The research of Virtuozzo on container hot migration technology by the Virtuozzo team can provide a container engine for production environment and realizing container hot migration, and the disadvantage is that the technology can only be oriented to a Linux kernel customized by the Virtuozzo. The container thermomigration function can be completed through modification or patching of the kernel, and the thermomigration can not be realized by facing the mainstream Linux kernel.

The main disadvantages of the existing container migration technology are:

(1) Container internal state information acquisition problem: the container memory is distributed among the processes, corresponding memory information needs to be sequentially acquired according to the process information, the state information and the resource objects which are related to the container and need to be stored in the freezing step are quite complex, about 1000 object information needs to be stored, the cores of the object information do not provide corresponding interfaces for direct acquisition, and the virtual machine only needs to store about 70 object information and can directly acquire the object information.

(2) Uncertainty of data volume: the programs contained in the containers may vary widely in the amount of resources required due to the different computing tasks.

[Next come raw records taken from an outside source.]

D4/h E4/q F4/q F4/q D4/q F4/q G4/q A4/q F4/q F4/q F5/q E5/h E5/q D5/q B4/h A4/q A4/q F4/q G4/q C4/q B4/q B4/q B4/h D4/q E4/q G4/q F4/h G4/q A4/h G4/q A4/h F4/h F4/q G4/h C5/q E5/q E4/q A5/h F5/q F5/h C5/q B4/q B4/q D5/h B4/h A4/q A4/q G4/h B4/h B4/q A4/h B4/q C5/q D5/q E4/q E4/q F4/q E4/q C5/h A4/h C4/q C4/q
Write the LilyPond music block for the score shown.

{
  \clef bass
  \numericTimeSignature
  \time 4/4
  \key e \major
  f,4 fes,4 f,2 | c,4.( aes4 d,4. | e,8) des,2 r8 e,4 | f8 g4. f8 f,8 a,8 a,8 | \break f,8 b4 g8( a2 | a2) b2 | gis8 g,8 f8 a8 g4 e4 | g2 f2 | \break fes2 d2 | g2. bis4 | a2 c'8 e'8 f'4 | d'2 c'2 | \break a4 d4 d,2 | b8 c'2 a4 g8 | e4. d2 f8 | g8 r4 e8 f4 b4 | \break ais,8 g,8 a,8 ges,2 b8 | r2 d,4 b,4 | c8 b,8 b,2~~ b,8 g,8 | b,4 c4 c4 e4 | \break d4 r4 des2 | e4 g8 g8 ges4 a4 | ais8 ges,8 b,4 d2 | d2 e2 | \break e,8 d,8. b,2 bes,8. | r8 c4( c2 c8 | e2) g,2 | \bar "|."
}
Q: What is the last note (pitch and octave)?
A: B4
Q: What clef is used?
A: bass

After a large number of calculations are performed inside the container, a large amount of random data is generated quickly, thereby greatly affecting the storage space of the container.

(3) Relationship between processes: because nested parent-child relationships exist between groups of processes between containers, the hot migration process needs to maintain relationships between processes, so the migration problem of process subtrees needs to be solved,

(4) Waste of resources: the lifecycle management of the container is not considered, which not only causes the waste of computing resources, but also causes the loss of user data after the container is consumed.

Disclosure of Invention

The application solves the problems existing in the prior container migration technology.

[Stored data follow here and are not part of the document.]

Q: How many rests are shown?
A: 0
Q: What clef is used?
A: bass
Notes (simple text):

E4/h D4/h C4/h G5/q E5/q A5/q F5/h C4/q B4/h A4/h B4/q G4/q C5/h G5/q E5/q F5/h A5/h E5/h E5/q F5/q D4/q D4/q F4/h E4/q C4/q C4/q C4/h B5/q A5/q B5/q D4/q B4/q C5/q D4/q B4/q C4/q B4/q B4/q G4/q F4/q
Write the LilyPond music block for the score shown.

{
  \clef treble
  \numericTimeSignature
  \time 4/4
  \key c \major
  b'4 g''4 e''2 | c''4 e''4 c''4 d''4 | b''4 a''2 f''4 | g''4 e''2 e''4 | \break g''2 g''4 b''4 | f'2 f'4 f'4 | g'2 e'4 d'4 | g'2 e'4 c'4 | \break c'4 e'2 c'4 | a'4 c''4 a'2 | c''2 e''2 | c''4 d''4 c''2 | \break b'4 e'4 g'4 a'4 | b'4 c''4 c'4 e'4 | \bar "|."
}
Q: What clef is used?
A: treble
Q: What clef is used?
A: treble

In order to solve the above problems, the present application provides a local dynamic migration method and a control system based on a Docker container technology, wherein:

the local dynamic migration method based on the Docker container technology comprises the following steps of

Step 1, according to the resource utilization rate of each node in the cluster nodes, monitoring the resource utilization condition of each node in the cluster nodes, determining whether hot spots exist, and triggering and starting the following steps to perform container migration when the hot spots exist;

step 2, each server in the statistical cluster integrates the utilization parameters volume of different resources,

in the formula, mem represents the memory utilization rate of a server or a container, CPU represents the utilization rate of a CPU, and net represents the bandwidth utilization rate; the N servers in the cluster are ordered in descending order according to the volume value;

step 3, aiming at the overload server with the maximum volume value, the following processing is carried out:

ordering all containers inside it in descending order of VSR value, the vsr=volume/size, wherein size represents the memory size of the container;

sequentially performing container migration according to the sequence of the VSR values from large to small until the utilization rate of all resources in the overload server with the maximum volume value is lower than a corresponding threshold value, and completing container migration;

and returning to the execution of the step 1.

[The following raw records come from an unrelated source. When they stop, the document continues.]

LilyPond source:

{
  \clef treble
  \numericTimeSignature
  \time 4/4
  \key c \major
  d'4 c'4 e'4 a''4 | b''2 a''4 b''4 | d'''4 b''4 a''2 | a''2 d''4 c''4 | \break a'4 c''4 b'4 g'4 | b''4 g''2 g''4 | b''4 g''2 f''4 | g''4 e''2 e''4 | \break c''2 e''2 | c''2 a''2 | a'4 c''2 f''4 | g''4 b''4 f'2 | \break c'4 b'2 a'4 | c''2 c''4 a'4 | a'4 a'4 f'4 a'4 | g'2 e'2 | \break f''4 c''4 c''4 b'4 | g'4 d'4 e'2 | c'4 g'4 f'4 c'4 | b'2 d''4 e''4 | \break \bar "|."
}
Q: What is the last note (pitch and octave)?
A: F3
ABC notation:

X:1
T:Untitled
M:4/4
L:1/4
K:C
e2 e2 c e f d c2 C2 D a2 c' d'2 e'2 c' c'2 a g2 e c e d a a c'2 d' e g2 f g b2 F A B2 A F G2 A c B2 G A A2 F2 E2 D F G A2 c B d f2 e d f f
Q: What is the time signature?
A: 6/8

The method for determining whether the hot spot exists in the step 1 is that the following processing is performed for the resource utilization rate of each node:

predicting the utilization rate at the next moment according to the utilization rates obtained in the last n acquisition periods, if the utilization rate exceeds a given threshold value of the node, further judging whether the number exceeding the given threshold value in the n utilization rates exceeds k, and if so, determining that the corresponding node is a hot spot, namely: there are hot spots.

The utilization rate v of the next moment is predicted according to the utilization rate obtained in the last n acquisition periods _t The method is realized by adopting an autoregressive model AR (n), and the specific method is as follows:

v _t ＝β ₀ +β ₁ v _t-1 +β ₂ v _t-2 +...+β _n v _t-n +ω (1)

prediction, in the formula, v _t-n ，...，v _t-2 ，v _t-1 The usage rates, beta, obtained for the last n acquisition cycles, respectively ₀ 、β ₁ 、β ₂ …β _n For the autoregressive coefficients, ω is white noise.

The process of sequentially performing container migration according to the order from the high VSR value to the low VSR value in the step 3 is as follows:

step 31, selecting a container with the largest VSR value as a container to be migrated, selecting a light-load server with the smallest volume as a target server, and migrating the container to be migrated to the target server;

and step 32, judging that the utilization rate of all resources in the overload server with the maximum volume value is lower than a corresponding threshold value, if so, completing container migration, otherwise, selecting a container with the VSR value of times as a container to be migrated, and returning to the step 31.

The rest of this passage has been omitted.